The niggle is the complexity it adds for developers.

Cheers
 
*bump*

Will Epic continue to refine the UE3 engine for the 360, or is it essentialy done now?

http://xbox360.ign.com/articles/779/779332p3.html

IGN: Speaking of the visuals, we've heard that Gears pretty much curb-stomped the 360 hardware. How much of the 360's potential do you think you actually used, and how much room does that leave for the sequels?

Rod Fergusson: To caveat everything - I'm not a techie. I'm a producer so I manage spreadsheets for a living.

IGN: But you must have a good idea.

Rod Fergusson: Well I don't have hard numbers but I do know that the Unreal Engine 3 and the way that our team worked with the platform - this being our first game on the 360, I think you're going to see the same sort of evolution that you'd see on other platforms. I certainly don't see Gears of War as a - whatever people want to call it, a second generation title, but for us it was a first generation, I certainly don't think that we've now hit the pinnacle, that Gears of War one was the pinnacle of what we're going to have.

IGN: I think that's a message that's being pushed now by certain competitors of the 360. That because the 360 is easy to program for, its high end potential has already been reached, so you're not going to see anything much better than Gears is.

Rod Fergusson: I don't believe that to be true at all. As time progresses, [and we gain a] a familiarity with the platform, optimisations with the engine, I mean, as more games ship with the Unreal Engine 3, and we've got a ton lined up, not from ourselves but from the industry, these are all going to improve the engine and the way it's going to be used. We're really early on in that lifecycle.


...


I don't think complexity necessarily means that there's more hidden potential. I think there's still equal hidden potential within the 360. Yeah it's easy to program for and yeah it's easy to get stuff up and running, but I still think in terms of squeezing the last ounce out of it. I mean, it's a multi-threaded machine, doing anything multi-threaded is complex and so, being able to do that in the most efficient way possible and being able to utilise the memory in the most efficient way possible and be able to use streaming in the most efficient way possible, these are things that will evolve over time. Gears of War does not represent the pinnacle of the Xbox 360. It certainly sets a great benchmark for other games to bring themselves up to.
 
What he said was okay - UE3 will improve over time. As a spreadsheet guy, he'll know if there'll be expenditure on developers to refine the engine.
 
With a caveat like this words are futile and only actual games can prove what he claims

Futile? For a guy in his position? You think he knows nothing about tech?

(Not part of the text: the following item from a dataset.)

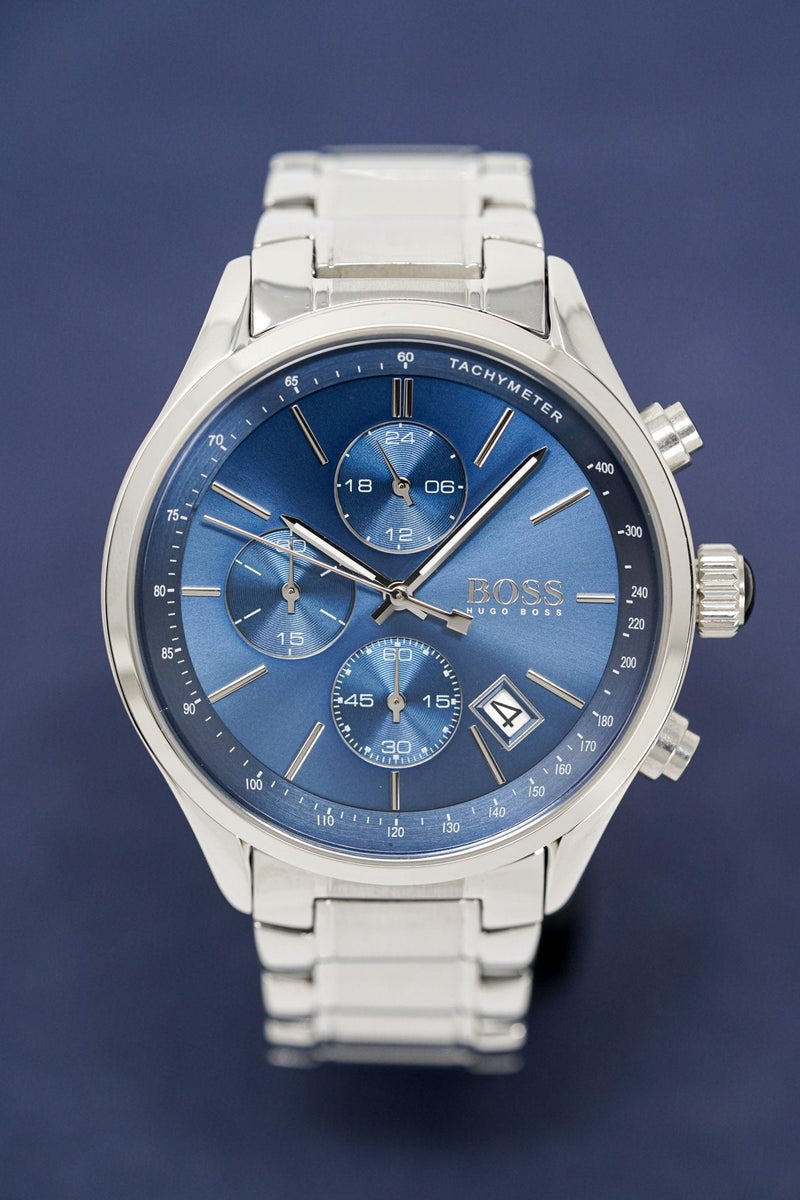 Hugo Boss Grand Prix Blue Dial Silver Steel Strap Watch for Men - 1513478 Buy Now By Hugo Boss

I agree with IGN, I'm pretty sure he has 'a good idea'...
 
It's pretty cool that he thinks the 360 has a lot more potential and whatnot, but does it really add anything to discussion about EDRAM?;)
 
It's pretty cool that he thinks the 360 has a lot more potential and whatnot, but does it really add anything to discussion about EDRAM?;)

It was an answer to Nick Laslett's question in this thread.